Task statement: Produce a verbatim transcription of the entries, with all pictures omitted.

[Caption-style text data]
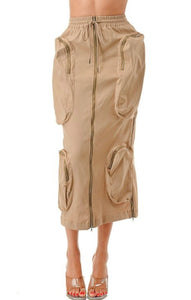 Tan Cargo Skirt (Curvy)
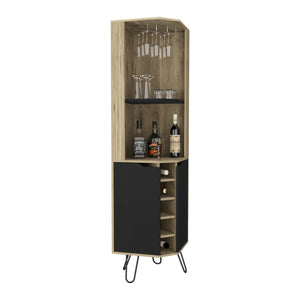 English Elm Corner Corner Cabinet with Six-Bottle Wine Rack, Shelves & Cup Rack in Macadamia/Black — FSC Certified Storage Solution B097S00165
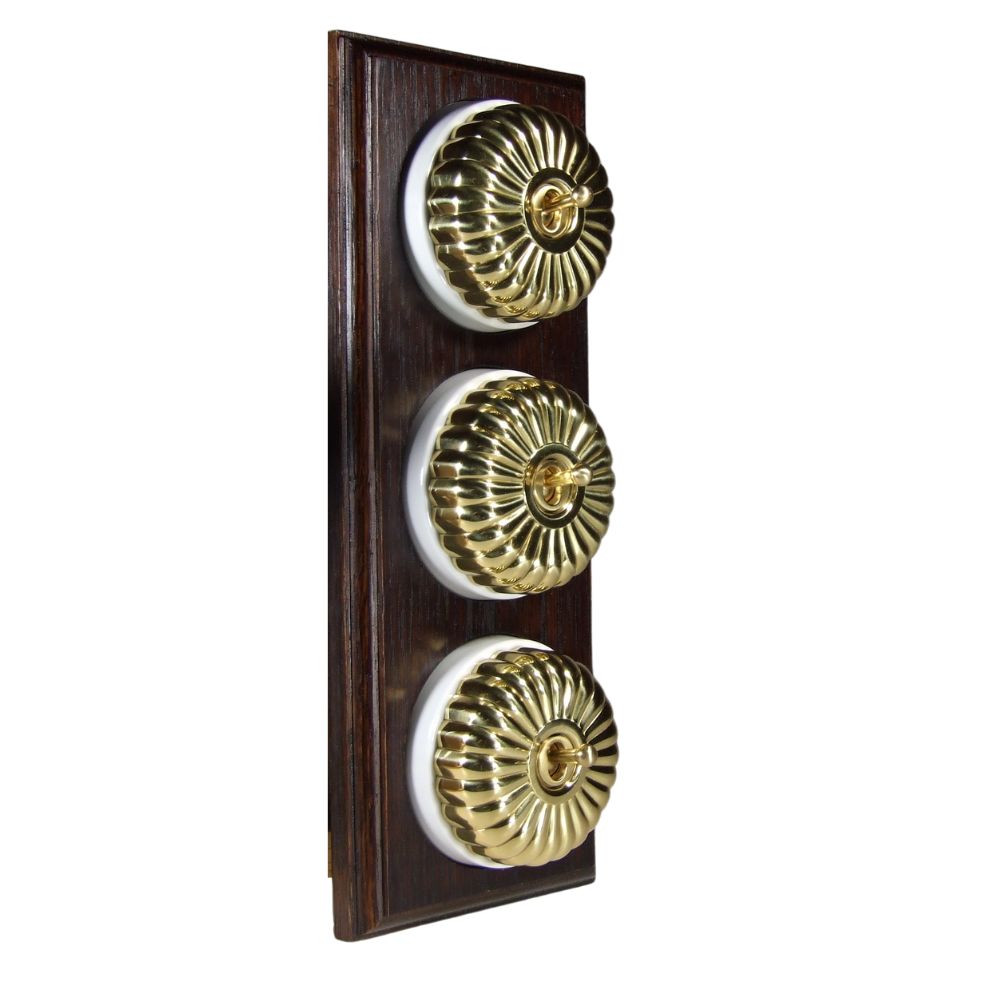 Period Fluted Polished Brass Dome Triple Dolly Light Switch Dark Oak White Vertical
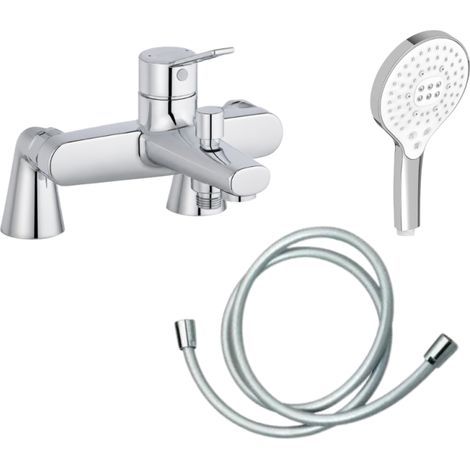 Mitigeur baignoire JACOB DELAFON Eo + pommeau de douche Metro signature + flexible de douche lisse + colonnettes (1/5)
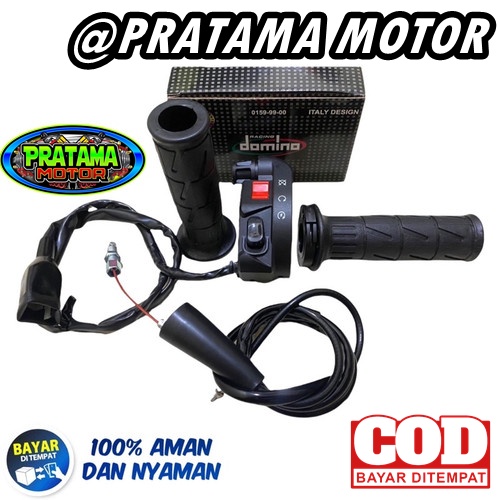 GAS SPONTAN KSR DOMINO PLUS HANDGRIP KAZE SET KIRI KANAN SEPASANG UNIVERSAL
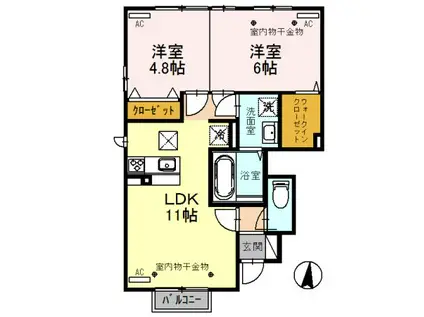 F. フォーナ(2LDK/1階)の間取り写真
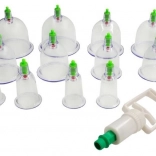 Tűz nélküli kínai vákuumos köpölyök, 12 darabos készlet kézi pumpával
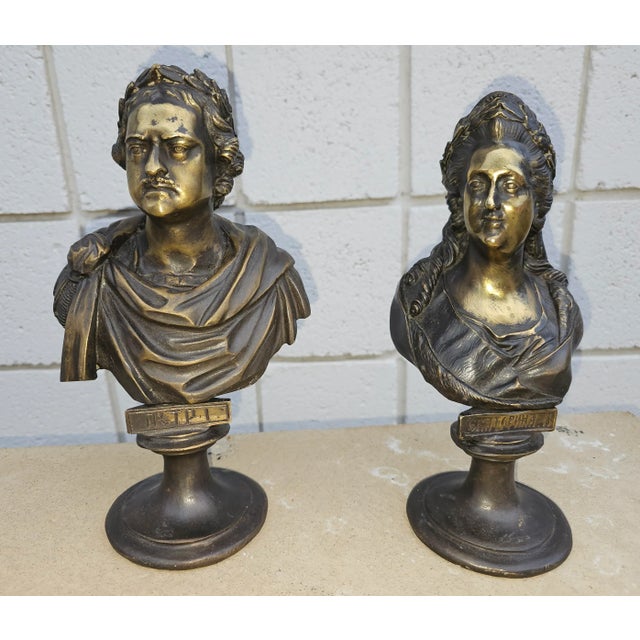 Pair of 19th Century Russian Bronze Busts of Peter I and Catherine the Great For Sale In Washington DC - Image 6 of 11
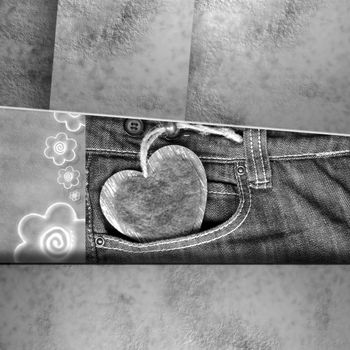 cute cards lovers, jeans, heart and flowers in black and white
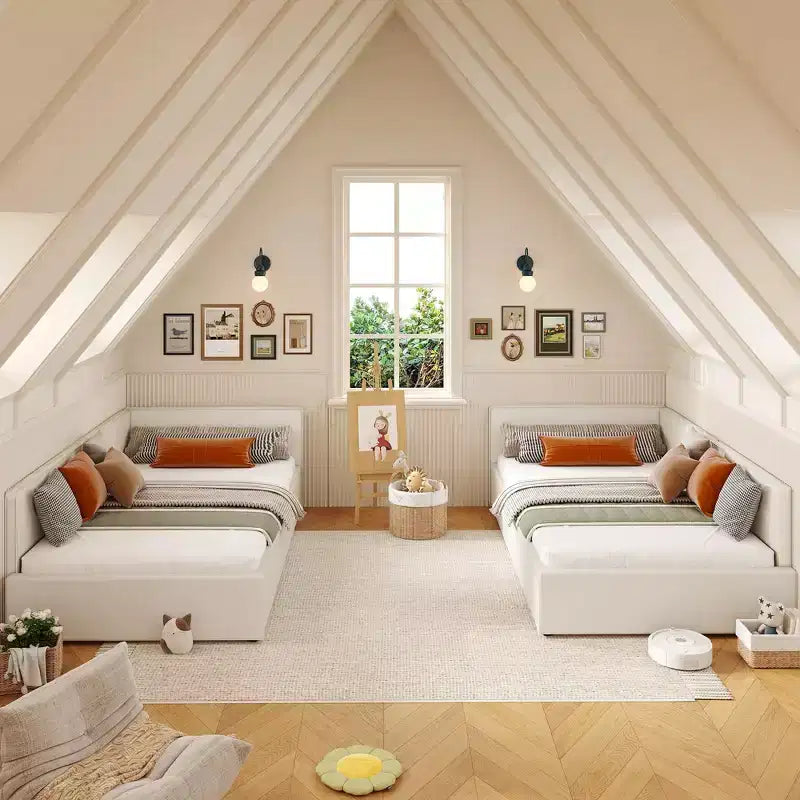 Canapé-lit d'angle double avec tête de lit capitonnée en velours, lit de repos avec barrière réglable pour chambre d'enfant, de garçon, de fille et chambre d'amis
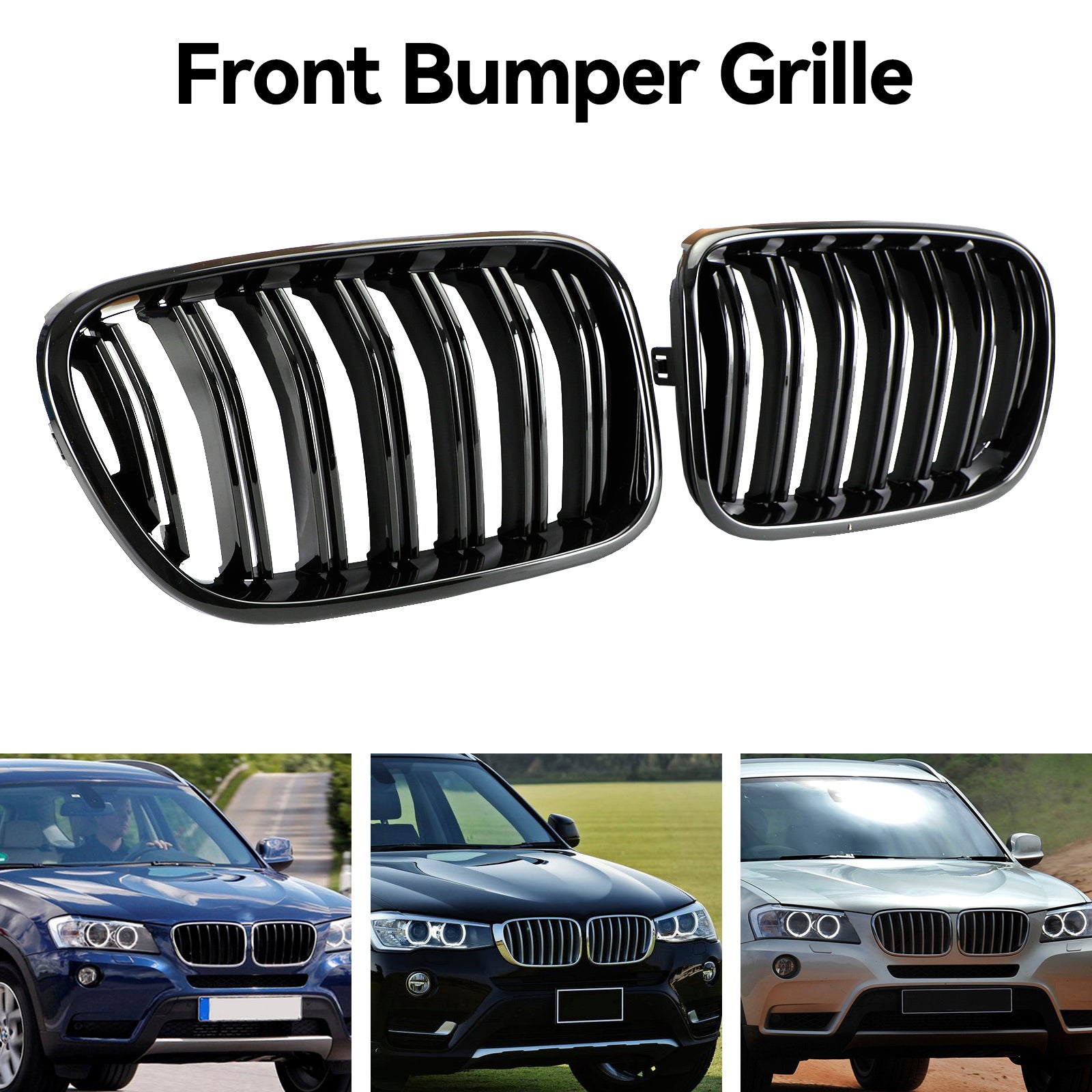 2011-2014 BMW X3 F25 Dual Line Glanzend Zwart Voorbumper Niergrille Grill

Response area:
 Tan Cargo Skirt (Curvy)
 English Elm Corner Corner Cabinet with Six-Bottle Wine Rack, Shelves & Cup Rack in Macadamia/Black — FSC Certified Storage Solution B097S00165
 Period Fluted Polished Brass Dome Triple Dolly Light Switch Dark Oak White Vertical
 Mitigeur baignoire JACOB DELAFON Eo + pommeau de douche Metro signature + flexible de douche lisse + colonnettes (1/5)
 GAS SPONTAN KSR DOMINO PLUS HANDGRIP KAZE SET KIRI KANAN SEPASANG UNIVERSAL
 F. フォーナ(2LDK/1階)の間取り写真
 Tűz nélküli kínai vákuumos köpölyök, 12 darabos készlet kézi pumpával
 Pair of 19th Century Russian Bronze Busts of Peter I and Catherine the Great For Sale In Washington DC - Image 6 of 11
 cute cards lovers, jeans, heart and flowers in black and white
 Canapé-lit d'angle double avec tête de lit capitonnée en velours, lit de repos avec barrière réglable pour chambre d'enfant, de garçon, de fille et chambre d'amis
 2011-2014 BMW X3 F25 Dual Line Glanzend Zwart Voorbumper Niergrille Grill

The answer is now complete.